在联邦政府下达通缉令后,伯尔曾公开声称他是无罪的,但先后两次被捕。1806年第一次在密西西比州被捕后,当地陪审团认为他只是行为不当,很快判他无罪释放。当更多有关伯尔“分裂国家”的计划曝光后,联邦政府再次下达通缉令。伯尔于1807年2月在阿拉巴马州境内再度被捕,并在武装军人的押送下,驱车千里送到弗吉尼亚州的里士满受审。
陪审团作出无罪判决
对伯尔的公开审判从1807年5月开始,一直持续到9月。其间联邦检察官列出了140多名证人名单,最重要的证人则是威金森。

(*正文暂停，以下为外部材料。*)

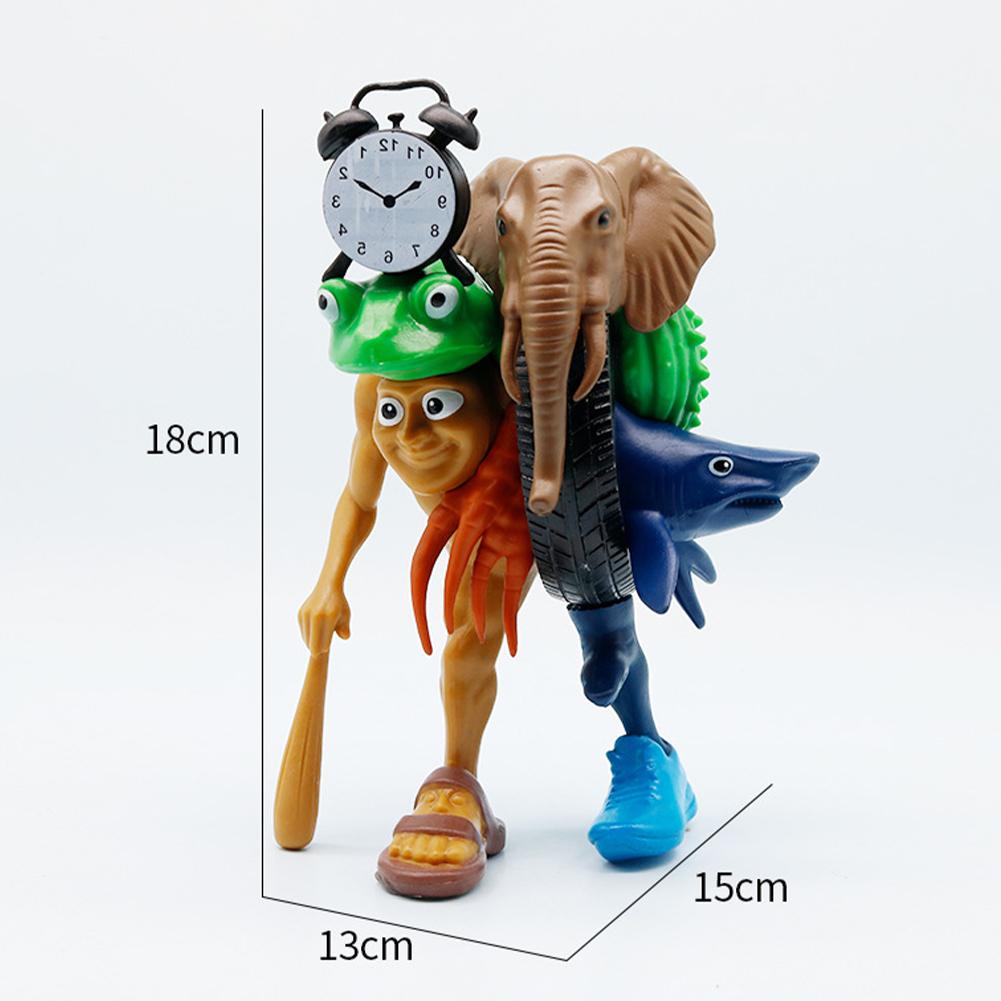 Italian Brainrot AI Animals Tung Tung Tung Sahur Figure Tralalelo Tralala Figurine Doll Toy Desk Decoration Model Ornament Gift 16-18CM
Italian Brainrot AI Animals Tung Tung Tung Sahur Figure Tralalelo Tralala Figurine Doll Toy Desk Decoration Model Ornament Gift 16-18CM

经过控方与辩方的多次对质,以及伯尔的自我辩护,首席大法官马歇尔认为控方提供的证据不足以证明伯尔有叛国的企图及实际的公开行动。马歇尔认为只是参与阴谋或暗示、建议战争等言论,不能构成叛国罪的证据,至少要有两名证人为同一公开叛国行动作证,才符合法律要求。陪审团接受了马歇尔的观点,最后判决伯尔无罪。
杰斐逊对判决结果很不满意,曾表示法律在这场审判中已不存在。同时,因为杰斐逊曾力主伯尔有罪,因此辩护律师要求马歇尔发传票给杰斐逊,让他出庭作证,由此引发总统职务豁免权的争论。马歇尔虽然最终没有发传票,但他表示总统与公民一樣必须遵守法律。
从案外因素看,杰斐逊虽与伯尔、马歇尔的关系不佳,但仍未过度干预伯尔案的司法审判,伯尔最终因为证据不足未被判处叛国罪。政治、利益搏斗背后,道德等实质性因素划下底线。